While education is highly prized in Jordan, a university degree in itself does not guarantee employment. As many as 39.8% of unemployed Jordanians had a bachelor’s degree or higher in 2013, according to the most recent “Employment and Unemployment Survey”. Among the reasons for this, a frequently cited problem is a mismatch between the skills of young Jordanians entering the workforce and the needs of employers. For example, the National Employment Strategy (NES) 2011-20 noted that “the number of graduates specialised in education, humanities, and non-technical and professional fields continues to exceed demand, and employers complain through surveys that education is not ‘applied’ enough”.
In order to address this, the authorities are looking to expand and improve vocational and technical education (VTE). The kingdom already operates several VTE initiatives. For example, secondary students can choose an academic or vocational track. In the tertiary sector, a network of community colleges established to provide technical education offers two-year programmes to students – though these institutions now also provide academic education and “bridging” degrees. In 1997 Al-Balqa Applied University, the main campus of which is in Salt, was established to oversee and coordinate community colleges across the kingdom.

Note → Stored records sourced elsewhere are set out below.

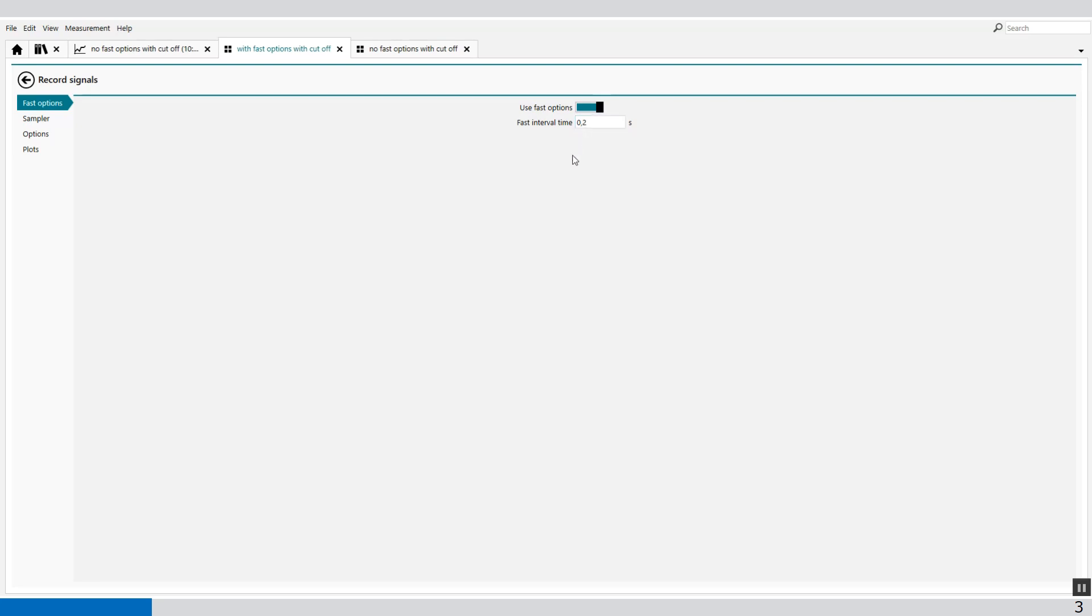Now we can sample with a faster interval rate. Instead of 2 seconds, we can sample at 0.2 seconds, which is 10 times faster than the normal interval time.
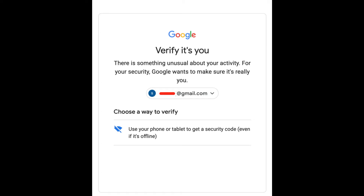Let's check it out. Verify it's you — choose a way to verify. Use your phone or tablet to get a security code, even if it's offline. This is the thing that most people get, and the only option to verify is to get a security code from your mobile or tablet.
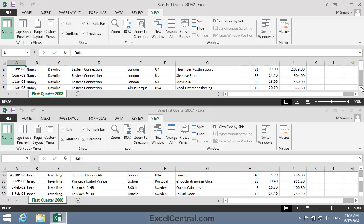You'll probably now also appreciate the importance of closing any open workbooks at the beginning of this lesson. Because if you had several workbooks open, you would now be viewing all of them in multiple windows.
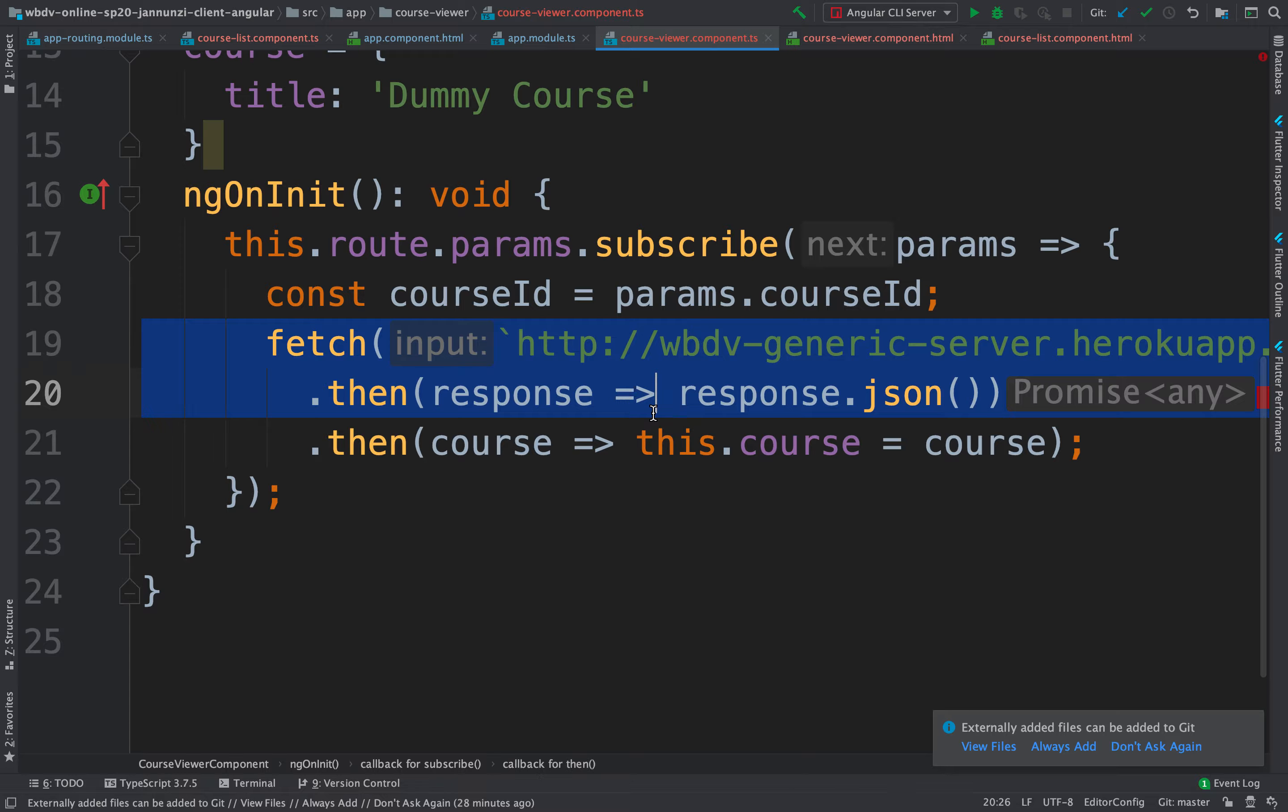The service is already being used by the course list component, which is retrieving all the courses.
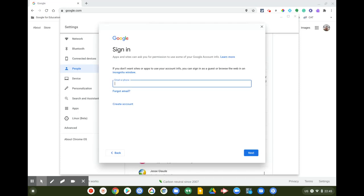Hey everyone, this is Jesse. We're going to do a quick walkthrough of what it's like to sign into your new Google account and also use your new Google account to sign into Google Classroom.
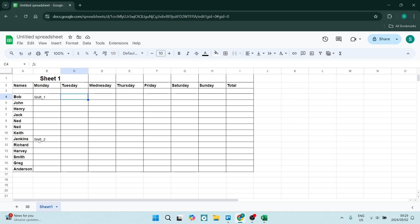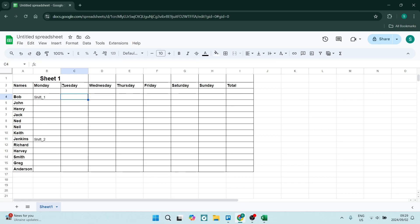As you can see here, I've got some names and then I've just got days of the week. All right, so what we're going to do here on Sheet 1 is we are going to just separate our shifts.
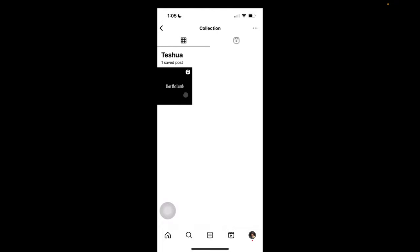And this folder will be there as long as you have it. And you can keep saving it to that folder or create new folders. So that's how you save posts and reels on Instagram. Thank you guys for watching and have a great day.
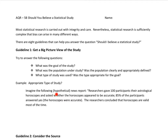Consider the following hypothetical news report. Researchers gave 100 participants their astrological horoscopes and asked whether the horoscopes appeared to be accurate. 85% of the participants answered yes, and the researchers concluded that horoscopes are valid most of the time. This should raise lots of questions. First, what type of study was used? It was an observational study.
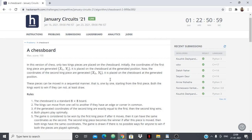Hello everyone. In this video we're going to be looking at the first question from January 2nd's 21 Hacker Earth — a chessboard. The question is: in this version of chess, two kings are placed on the chessboard. The coordinates of the first king are generated — x1, y1 — and it is placed on the chessboard.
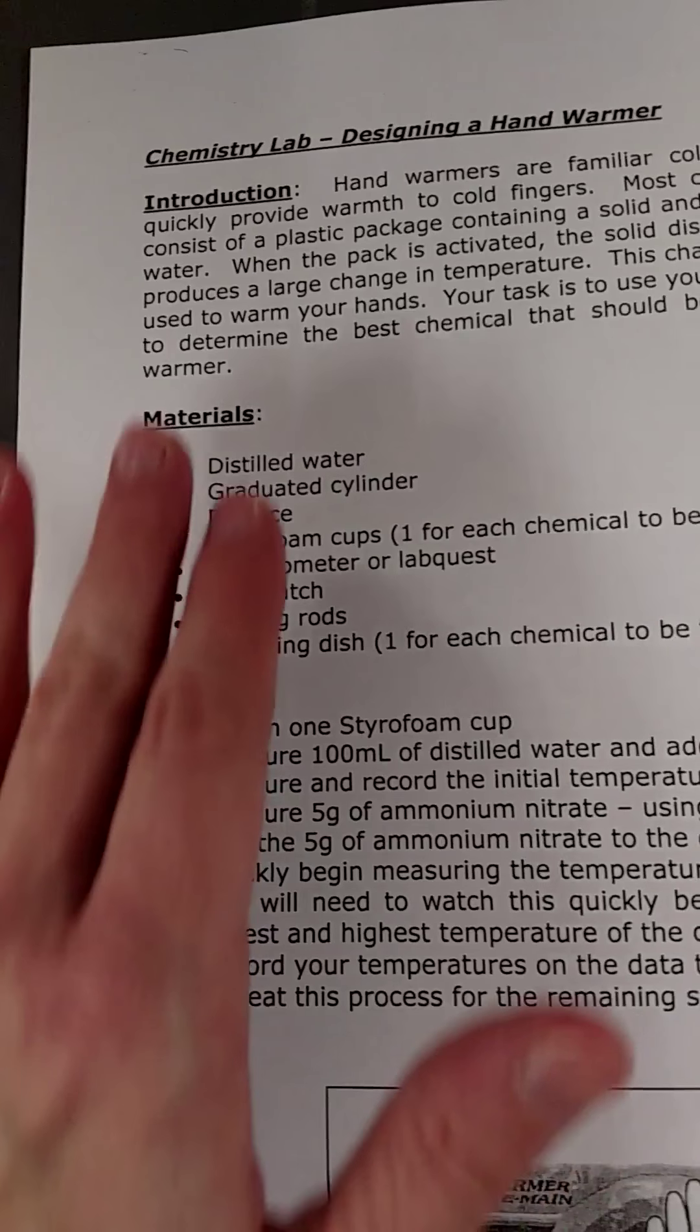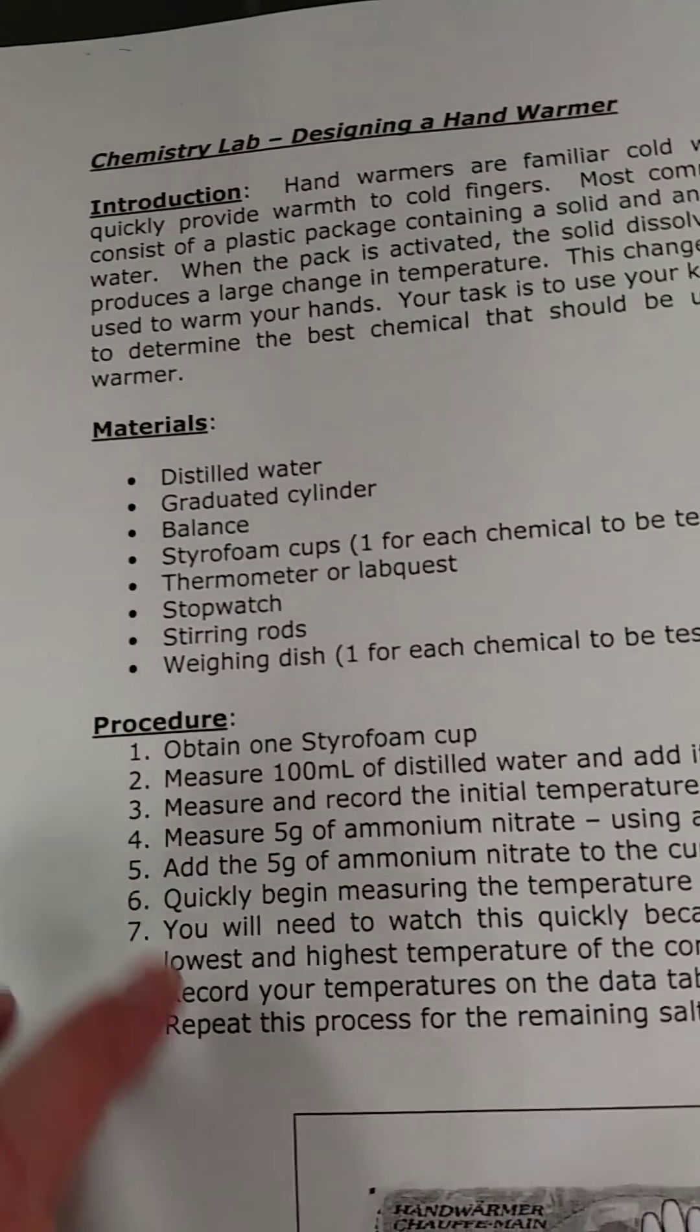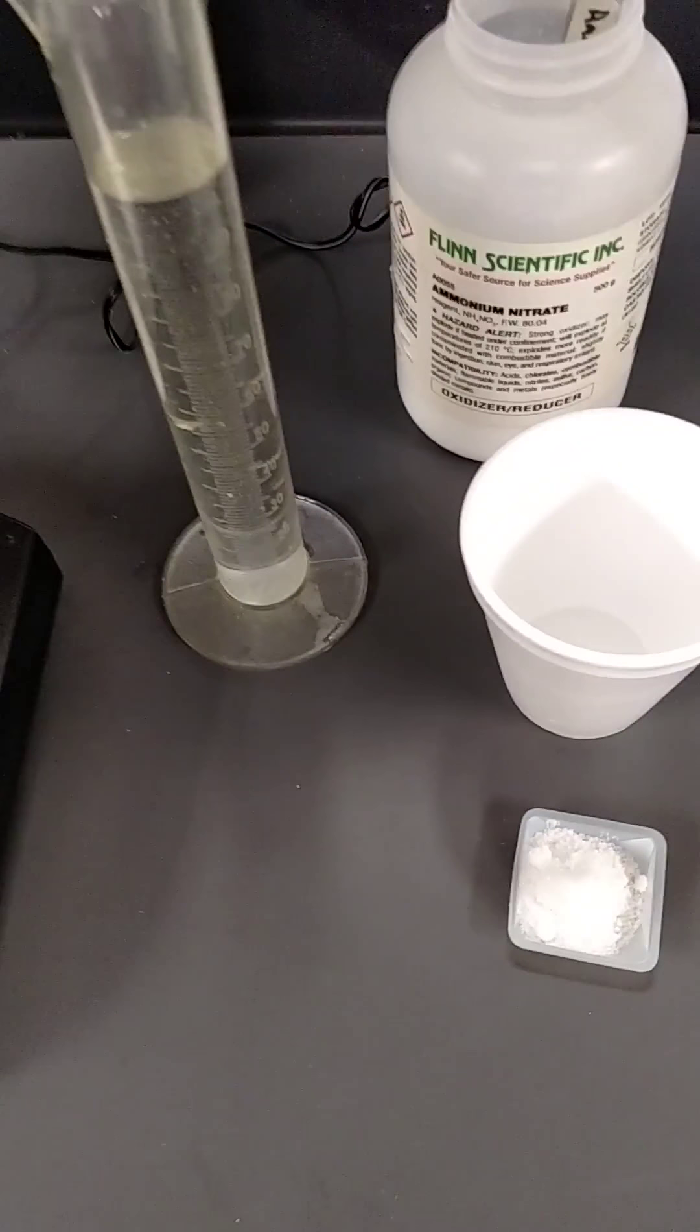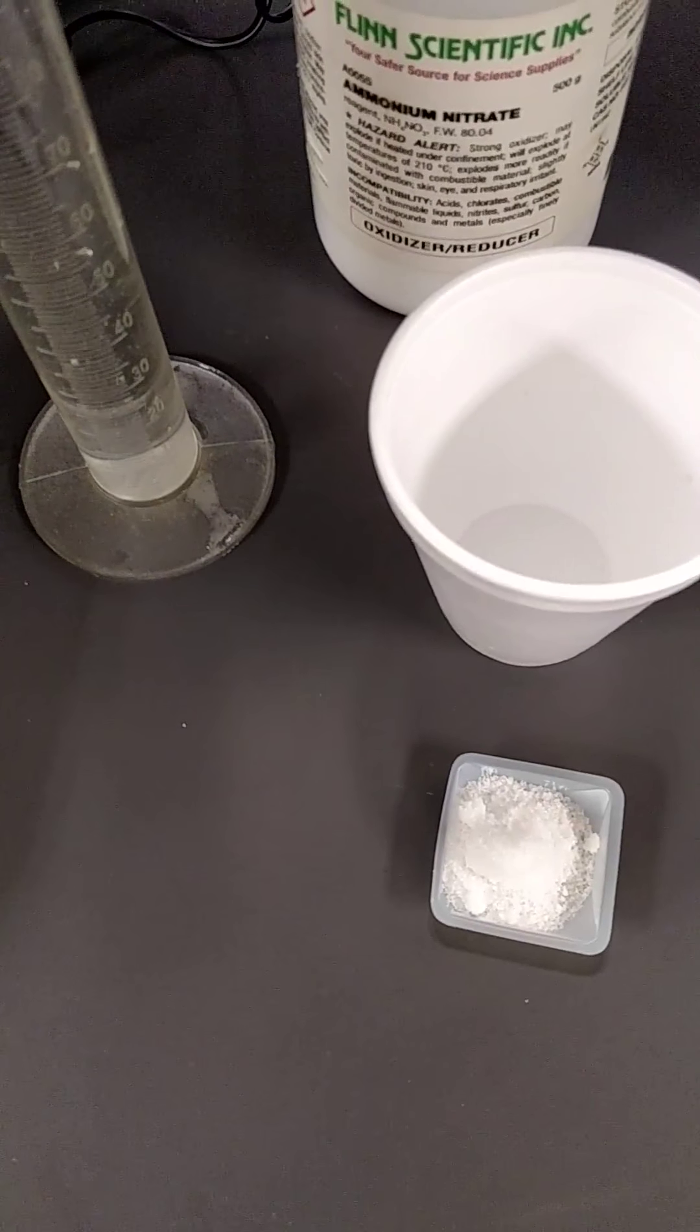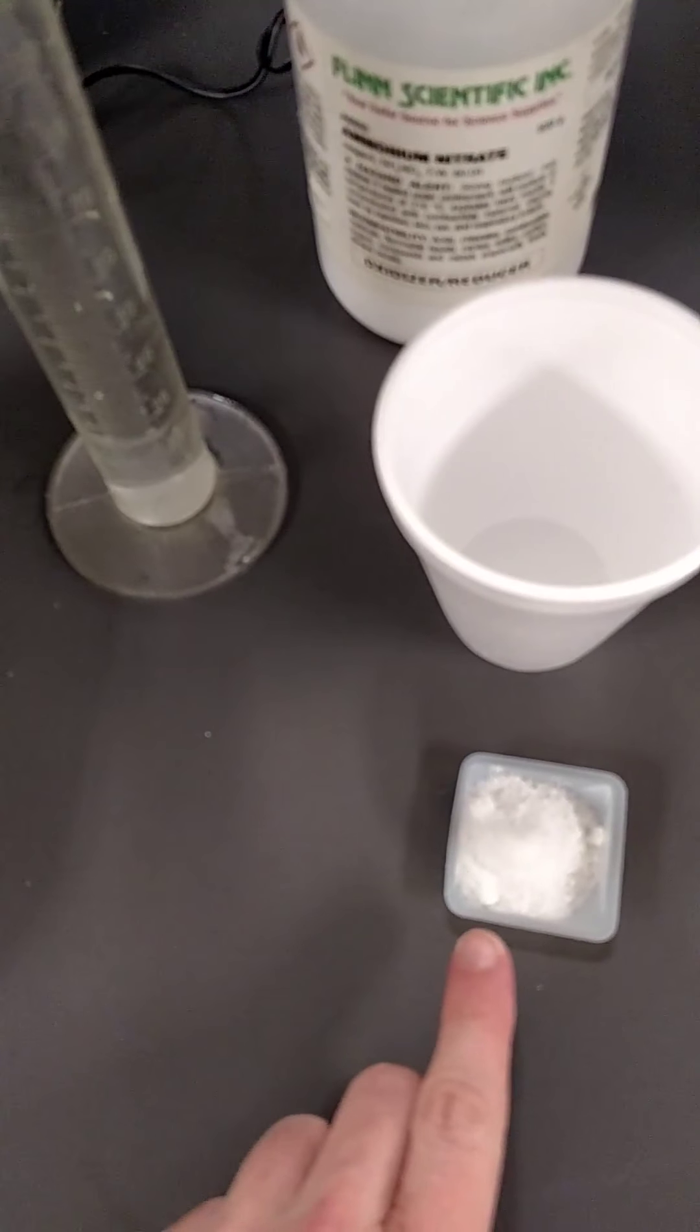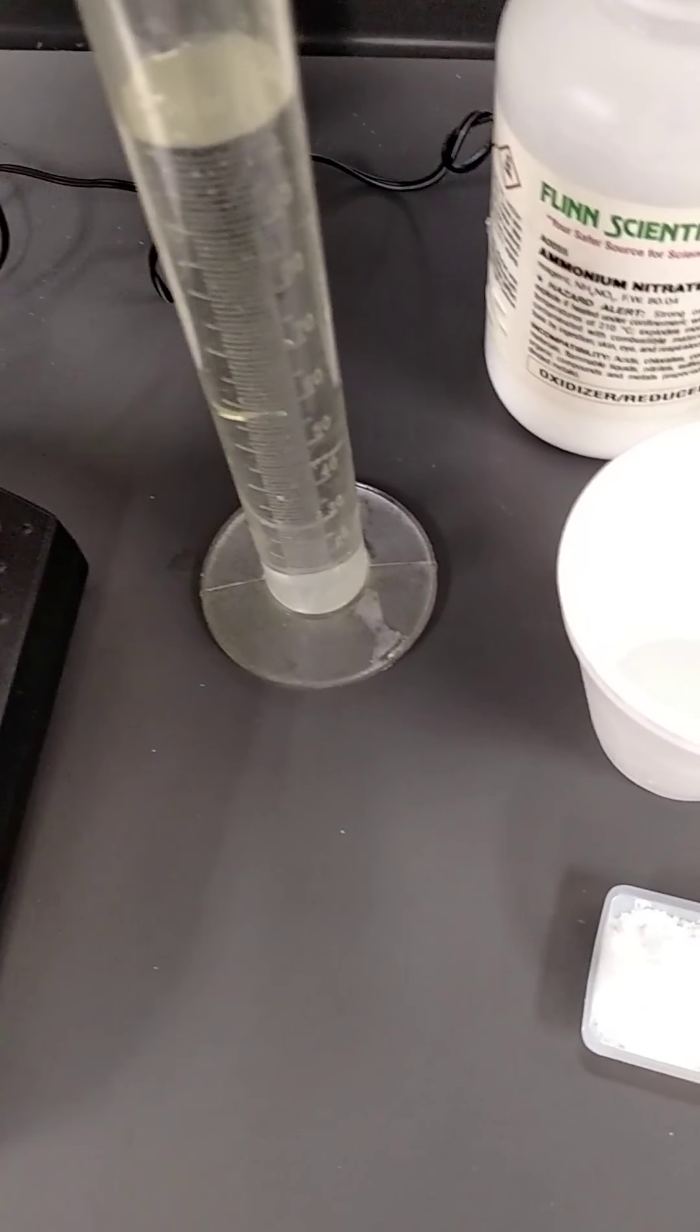So here it's got the list of materials and the procedure, and if you look over here, I've already done the basic steps. So here are the chemicals. There are seven chemicals, and you needed five grams of each one and 100 milliliters of distilled water.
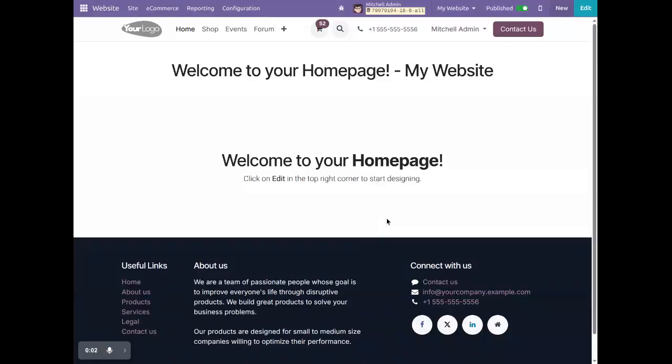Hello! I hope you all are doing great. In this video, we will see how to enable or disable the login sign-in button in the website. Currently, we are on Odoo 18 community version and we are on the website.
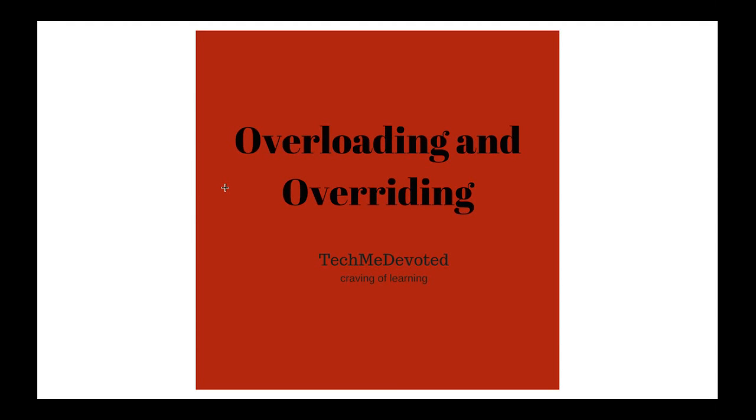Hello guys, welcome to Tech Me Devoted. First of all, thank you guys for supporting me. Please like, comment, share videos and subscribe this channel to get updated.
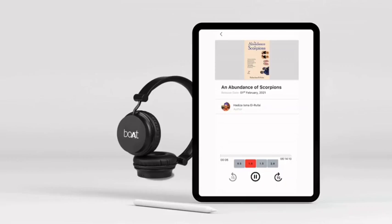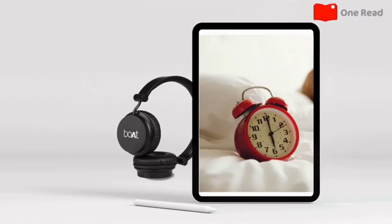WIDA Books presents An Abundance of Scorpions by Hadiza Isma El-Rofai, read by Blessing Kure.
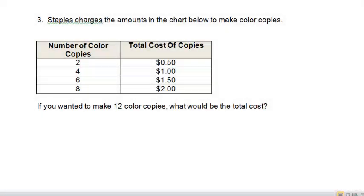Staples charges the amount in the chart below to make color copies. For two color copies, it's 50 cents. For four color copies, it's a dollar. Six color copies, it's a dollar fifty.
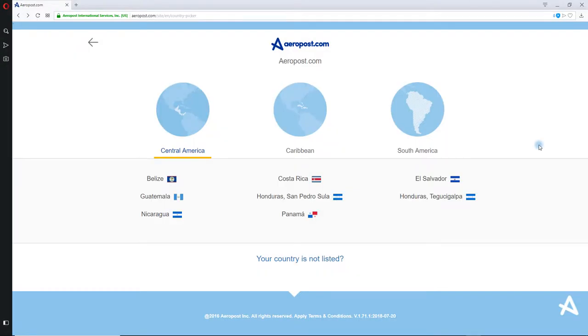To ship with Aeropost, you need to create an account. With this step-by-step guide, you'll get an account up and running in no time. Following this simple eight-step process, you'll be good to go.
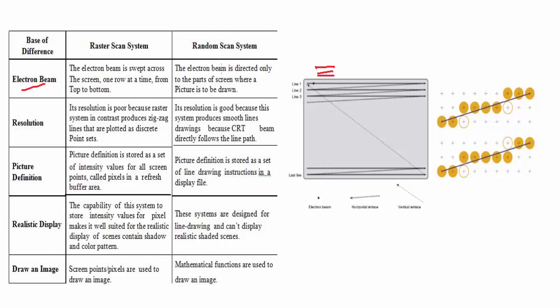In raster scan, the electron beam is directed only to the right part of the screen where the picture is drawn. Suppose we need to draw on these lines, so the dot or the beam is directed here, here, here, not everywhere.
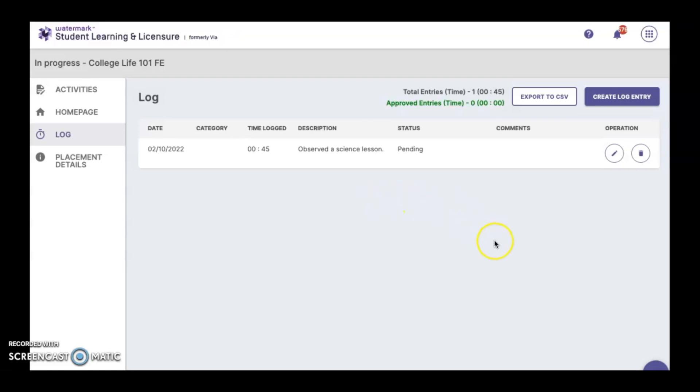And that is how you enter a log entry in the Watermark Student Learning and Licensure System. Thank you.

In 2005 the Employment-Technical and Vocational Education and Training (E-TVET) Fund was set up to provide VTE funding, while in 2007 the Jordanian military established the National Employment and Training Company to provide construction sector training. Another key actor in the segment is the Vocational Training Corporation (VTC), a government-backed institution that provides professional internships and training for people already in the workforce to boost their skills. This is done via a network of more than 40 centres. In April 2015 the VTC opened its latest such facility, focused on hospitality and tourism, in Tafileh.
Muhyieddeen Touq, general manager of local education development company Cader, said students graduating from VTE institutions have good job prospects. “Demand for employees with a good technical education is high, particularly in the case of students who do not have university degrees,” he told OBG. However, he said that despite this, enrolment rates in VTE had fallen heavily in recent decades, and cultural issues are among the main reasons for this. “Some communities view VTE as less prestigious than an academic education. It is also expensive and the government’s resources are stretched, while the private sector is not investing either. VTE curricula are also still not relevant enough for employers,” he said.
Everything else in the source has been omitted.